TOKYO (Reuters) - Japan's Toshiba Corp has decided it will cancel the planned $18.6 billion (13.28 billion pounds) sale of its memory chip unit if it does not get approval from China's anti-monopoly regulator by May, the Mainichi newspaper said on Sunday.

A consortium led by U.S. private equity firm Bain Capital last year won a long and highly contentious battle for the unit, which Toshiba put up for sale after billions of dollars in cost overruns at its Westinghouse nuclear unit plunged it into crisis.

But Toshiba was unable to complete the sale by the agreed deadline of March 31 as it was still waiting for approval from China's antitrust authorities.
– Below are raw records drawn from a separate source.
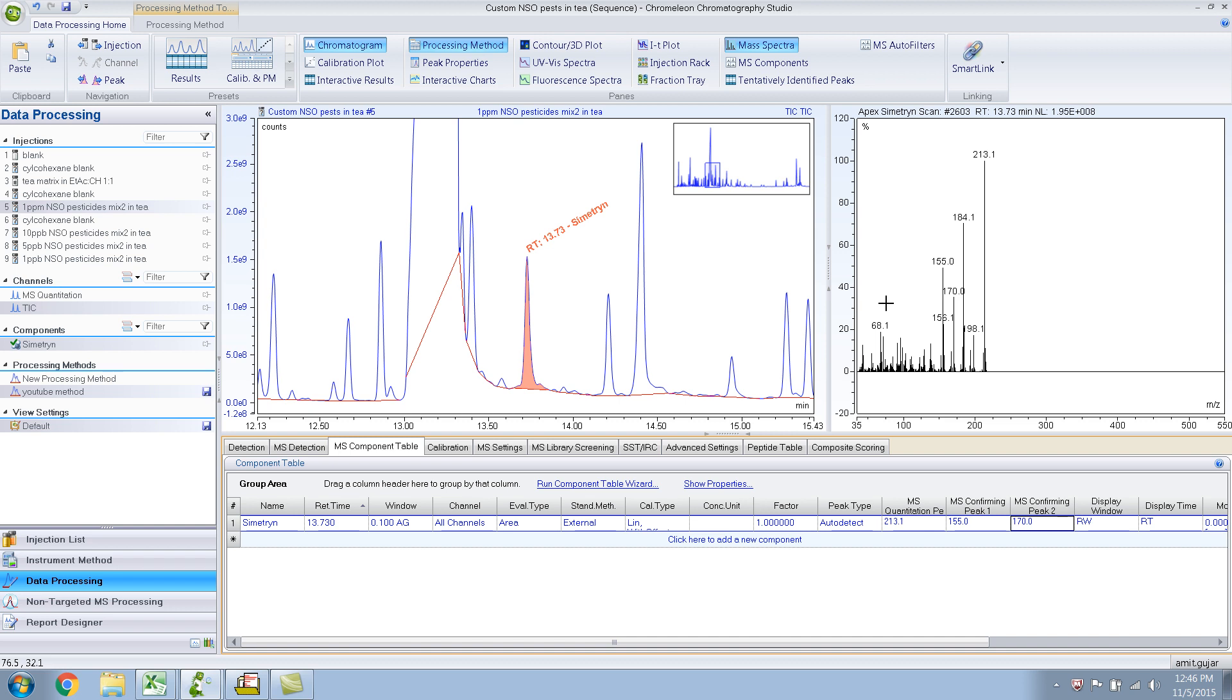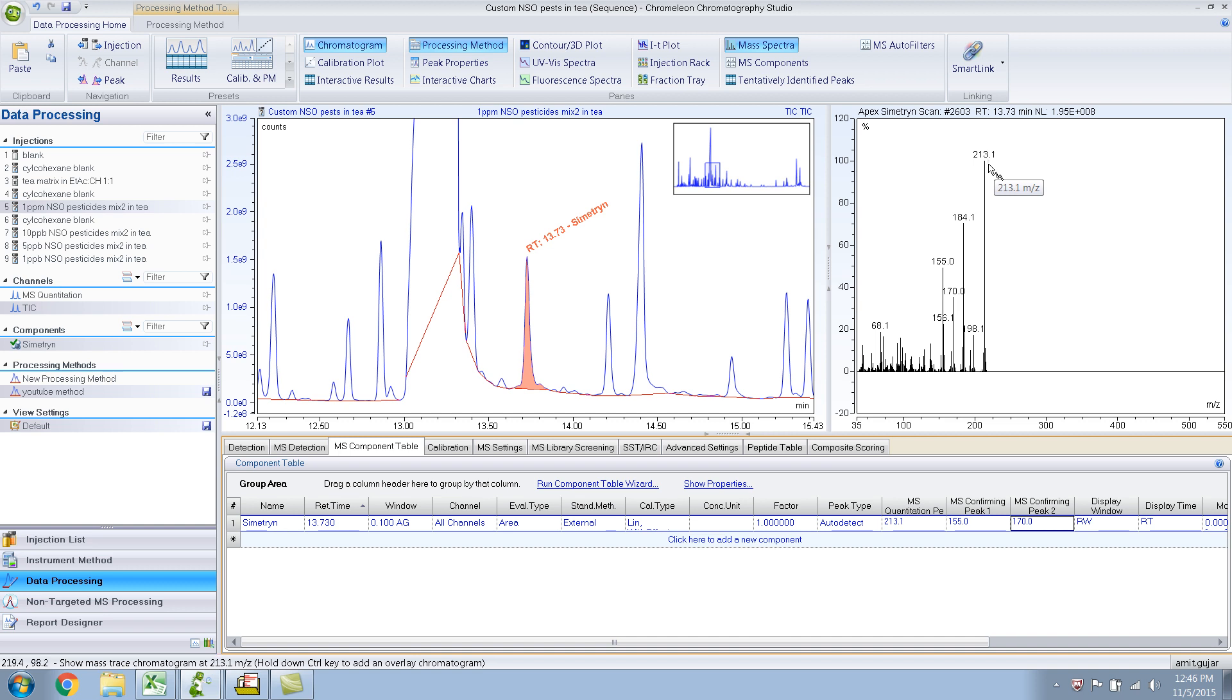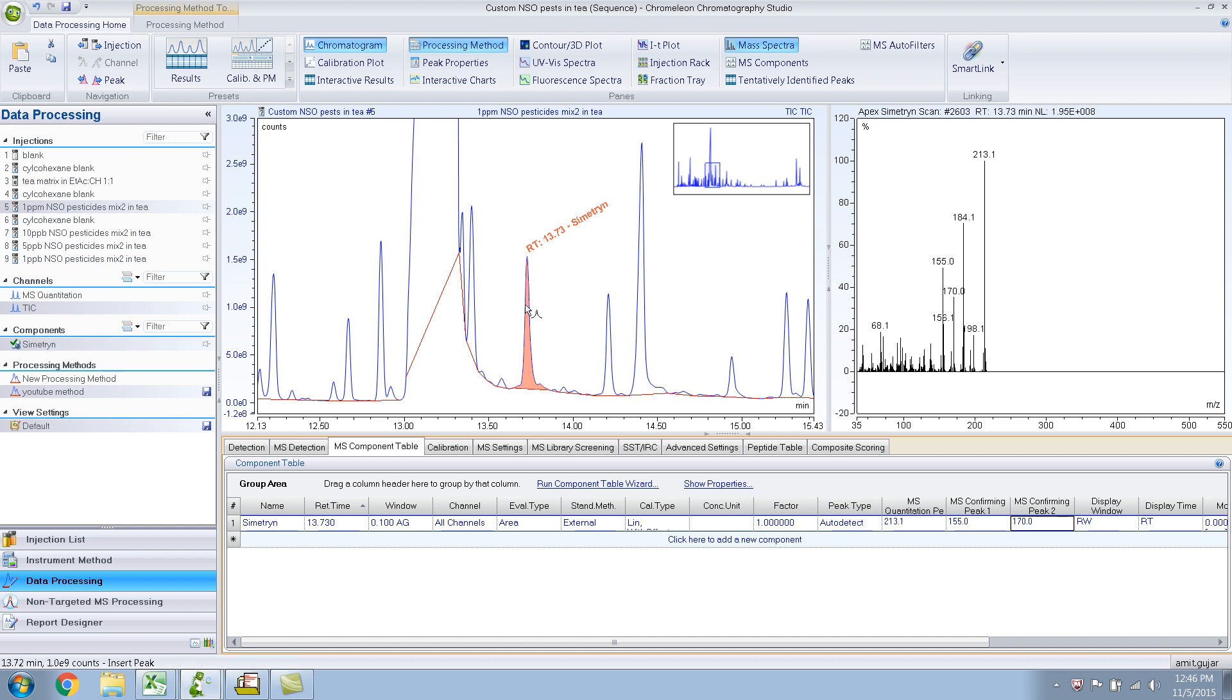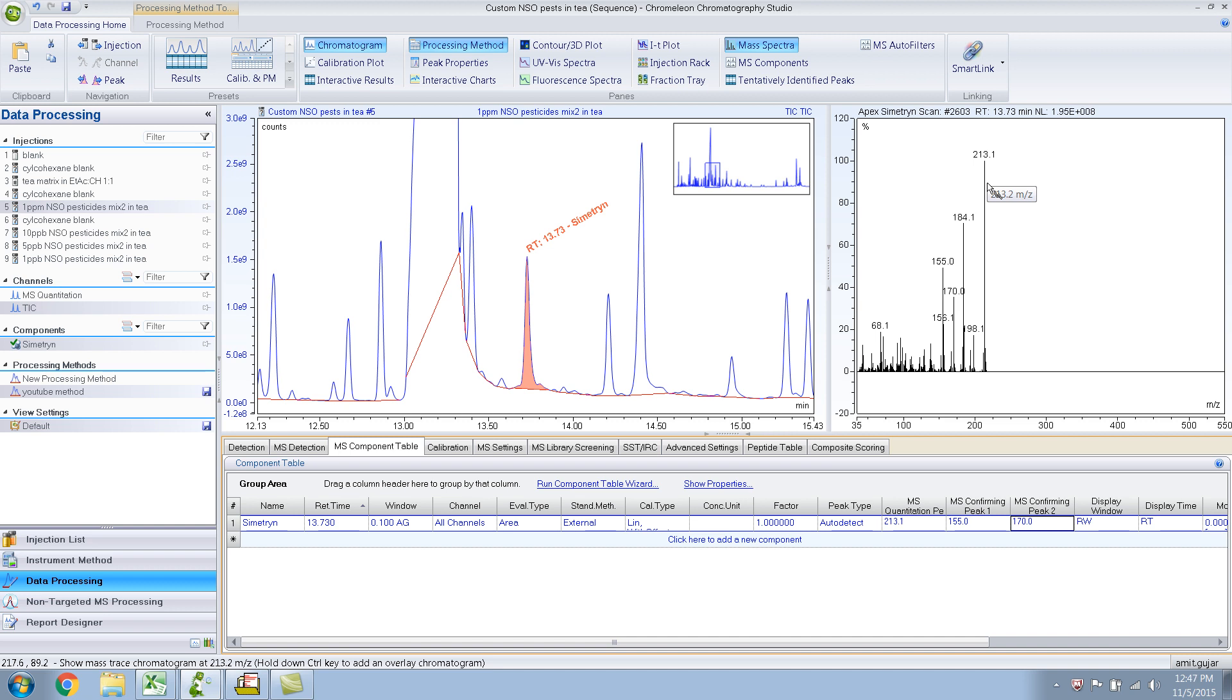This shows the importance of why we need to quantitate on a unique mass spectral peak which is unique to symmetry. So 213 is unique to symmetry, and there's a good chance that if there is any coelution at this point, it's probably not going to be 213. If it is 213 then we can't do anything about it - you would need something more selective like triple quad. This is a full scan spectra.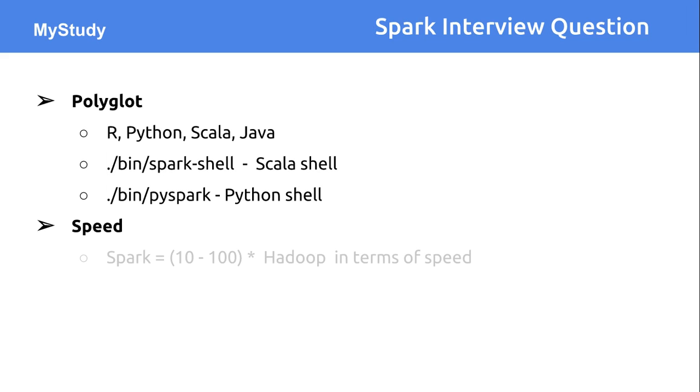In terms of speed, Spark is almost 10 to 100 times faster than Hadoop. Why is it faster? Because lots of operations, almost all operations, happen in memory only.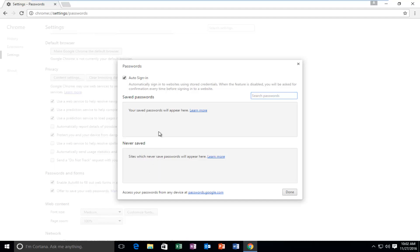If you did have any saved passwords here, you can just left click on the little X next to it and that is a way you could delete individual saved passwords for specific websites.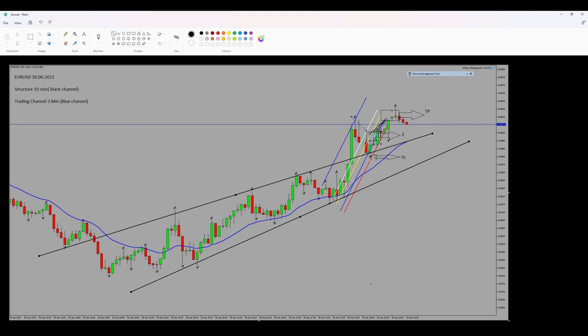My stop loss was here and my targets were at these levels, so algo number five was also okay. The entry signal was also shown, and this trade was profitable. Thank you for watching, see you in the next one.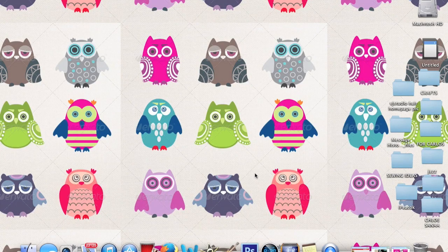Hey guys, I'm here to show you how to add your own custom thumbnail for your YouTube videos. I've been looking for this tutorial for a while, I finally found it, so I thought I'd share it with you guys.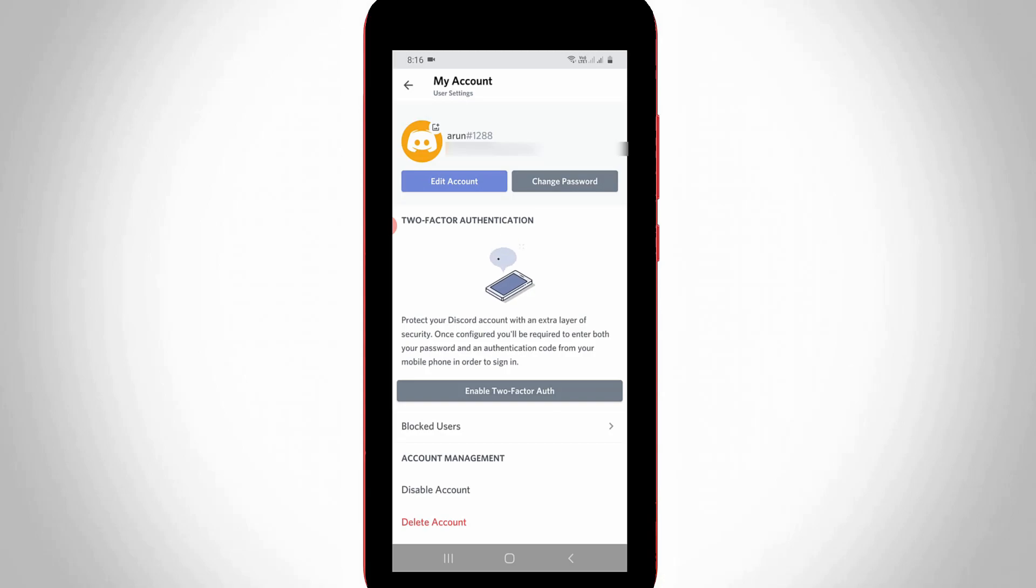So this is the way you can easily delete your Discord account by watching my tutorial. For more tech videos you can subscribe to my beautiful tech channel THETA BOX and thanks for watching.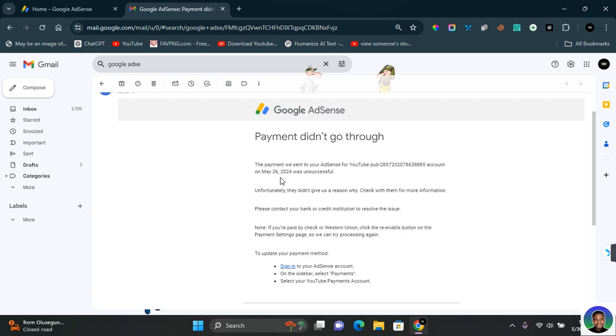In this video, I'm going to show you how to fix Google AdSense payment didn't go through. If you're due for payment on Google AdSense, Google AdSense automatically rolls out payment to the account you have provided. If you get a payment didn't go through notification, this is how you can fix it.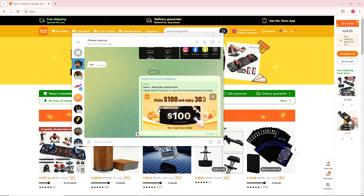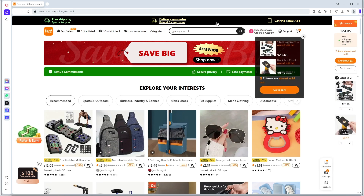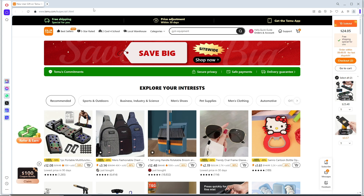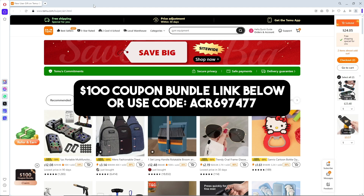Simply click on the invitation link, and after that you'll be able to accept it. Make sure that you have already opened up Temu in your browser — when you click on the link, it will automatically accept the invitation.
Toshiba raised $5.4 billion from a share issue to foreign investors late last year and it had now decided it did not need to go through with the sale, the Mainichi newspaper reported. It did not cite any source.

"Toshiba has come to a decision that there is little necessity for the sale as it is no longer in insolvency," the newspaper reported, adding that Toshiba would consider listing the unit if the sale did not go ahead.

A Toshiba spokesman said the company was still aiming to complete the sale as soon as possible.

In early April, Toshiba Chief Executive Nobuaki Kurumatani said his company would not use the option of cancelling the sale unless there was any "major material change" in circumstances.